It is a familiar experience for Fyusion to discover that a client organisation has many well considered processes for planning, designing and delivering services but none for evaluating whether they have actually achieved their goals. Evaluation is often the forgotten component of program (and project) management. This can occur for a number of reasons:
With deadlines to deliver to, the focus of the project team is often on meeting those deadlines and getting a service up and running rather than on what happens once the service is in place;
Defining good measures of impact is seen as difficult, as is gathering the required data;
Many people have had previous experience of being required to report against poorly designed KPIs, so are sceptical about the utility of measuring outcomes.

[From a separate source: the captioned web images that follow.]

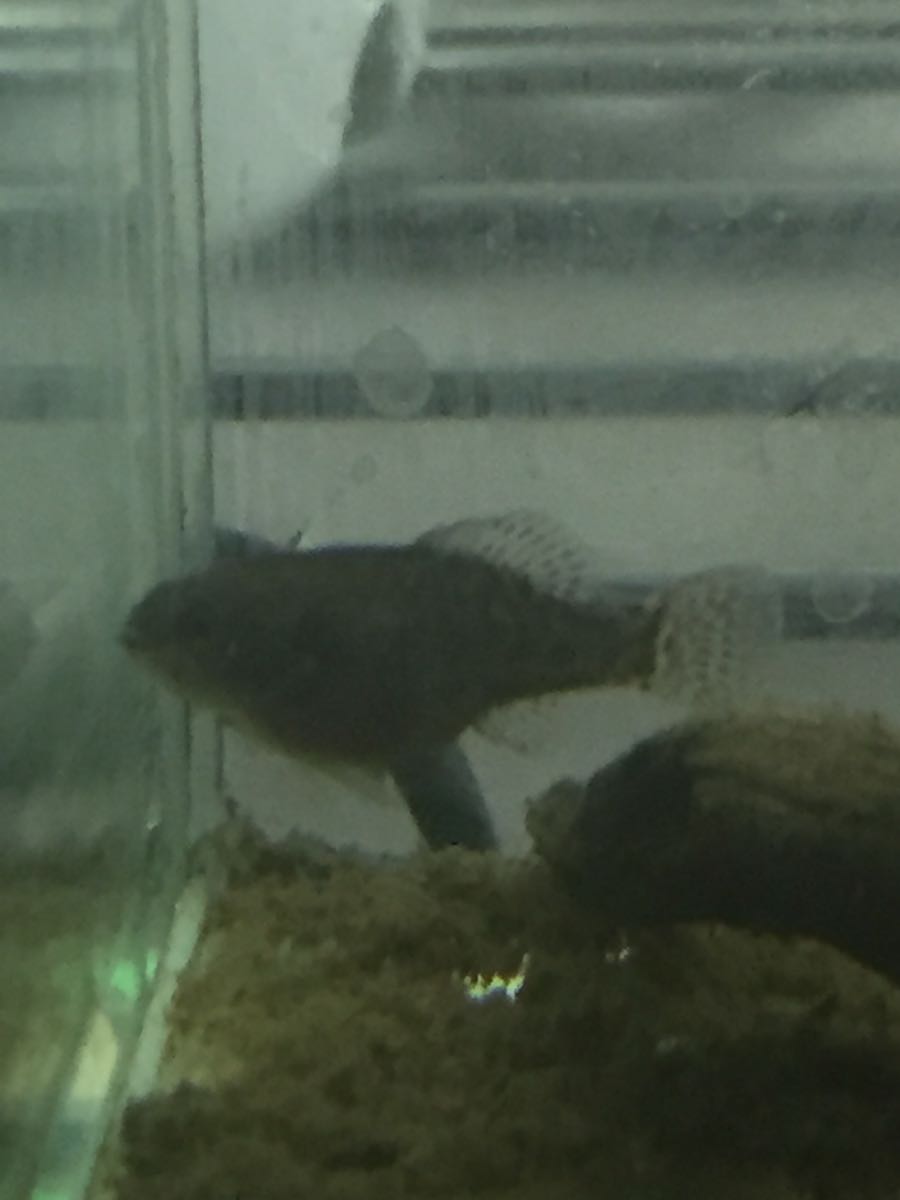 無加温レア魚 2ペア ピグミーサンフィッシュ エバーグラディー 淡水魚 売買されたオークション情報 Yahooの商品情報をアーカイブ公開 オークファン Aucfan Com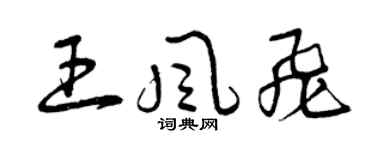 曾慶福王風飛草書個性簽名怎么寫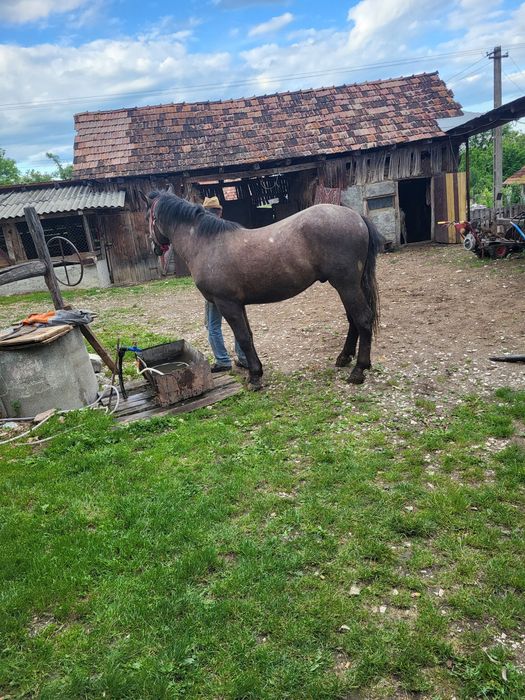 Se vinde armăsar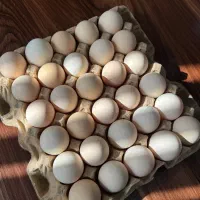 پخش تخم‌مرغ محلی شونه ۳۰ تایی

However, there is a new focus on evaluation within government which means that evaluation will no longer be optional. At Commonwealth level, the Department of Finance is implementing an extensive performance framework that has a strong focus on assessing impact and outcomes. In January this year, the NSW State Government published its Program Evaluation Guidelines to support agencies to evaluate NSW Government funded programs.
So, what can you do if you have never been involved in evaluation before? Both the Commonwealth and NSW Government initiatives are being delivered with a range of support materials to assist staff who have limited experience of evaluation. However, there are a couple of simple tips that can help when you are approaching evaluation:
The single most effective step you can take is to include evaluation planning in the early stages of planning for the program as a whole.

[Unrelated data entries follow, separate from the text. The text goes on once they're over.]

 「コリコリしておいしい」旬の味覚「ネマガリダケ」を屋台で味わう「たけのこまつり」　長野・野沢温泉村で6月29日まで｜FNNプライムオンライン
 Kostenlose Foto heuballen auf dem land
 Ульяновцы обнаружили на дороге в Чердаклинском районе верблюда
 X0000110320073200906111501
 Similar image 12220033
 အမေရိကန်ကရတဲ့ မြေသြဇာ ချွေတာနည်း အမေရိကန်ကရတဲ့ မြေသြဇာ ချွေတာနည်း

Ensure that you define the overall goals of the program clearly and map out the outcomes you want to achieve.
Consider the timeline for the program and think about the short term changes that you hope to see as against the longer term outcomes.
Work out how you can collect data to measure both short and longer term impacts and put these measures in place from the outset. Wherever possible, leverage from information that is already being collected.

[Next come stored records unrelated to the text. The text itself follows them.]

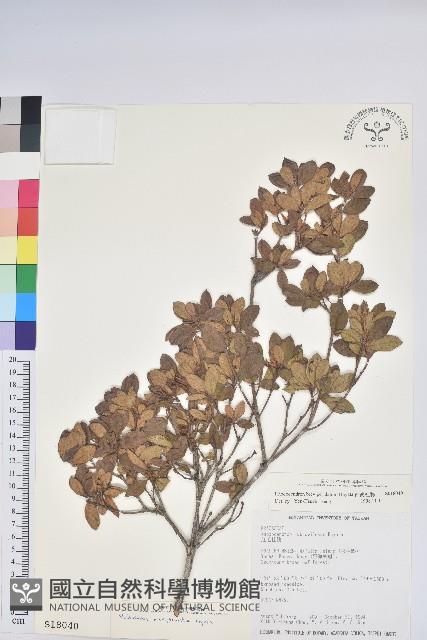 南澳杜鵑藏品圖，第1張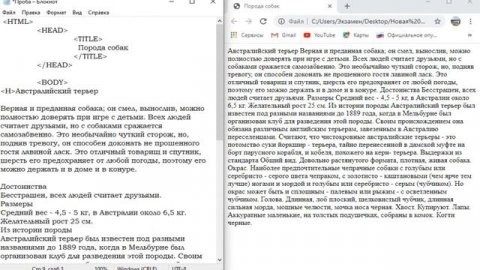 Основы языка HTML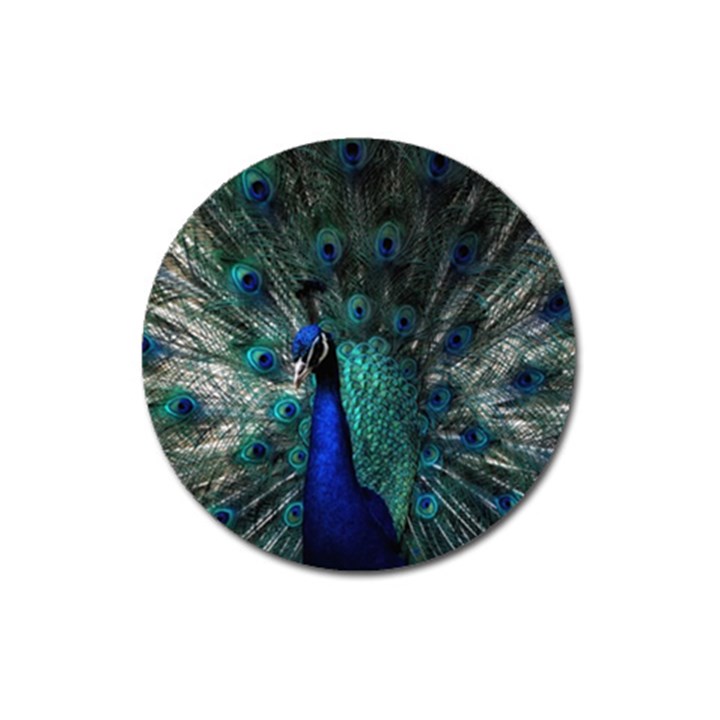 Blue And Green Peacock Magnet 3  (Round)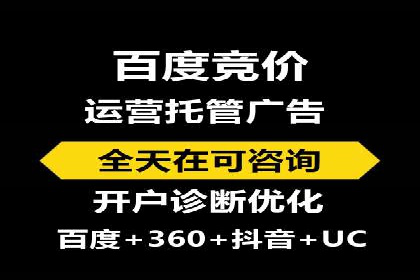 搜索引擎竞价推广实战：行业领先企业的成功秘诀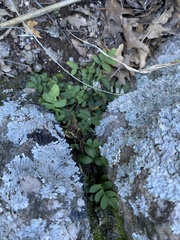 Pleopeltis riograndensis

Make sure that the measures you choose are practical and will help you to identify critical issues and make decisions about what needs to be adjusted if the program is not delivering on its objectives.
Remember that you don’t have to have a lot of measures in place if you choose the right ones. Some organisations are now finding that a single measure of customer service is all they need: they simply ask customers if they found it easy to interact with the organisation (for more on this read our ‘Simply Measuring Success!’ article below).
If you have not done this early planning, then it is never too late to start! While you might have lost the opportunity to develop customised impact measures, existing information sources can always be leveraged. You might find that you need to put together two or three existing measures to build a good picture of the program’s impact in a particular area. If this is the case, combining statistical data with more qualitative feedback can be very powerful.
Finally, the effort of evaluating will only be worthwhile if you act on the results. While it can be disappointing to discover that a program is not achieving its intended outcomes, a well-considered evaluation will provide a good starting point for working with colleagues and stakeholders to redesign the program and improve performance.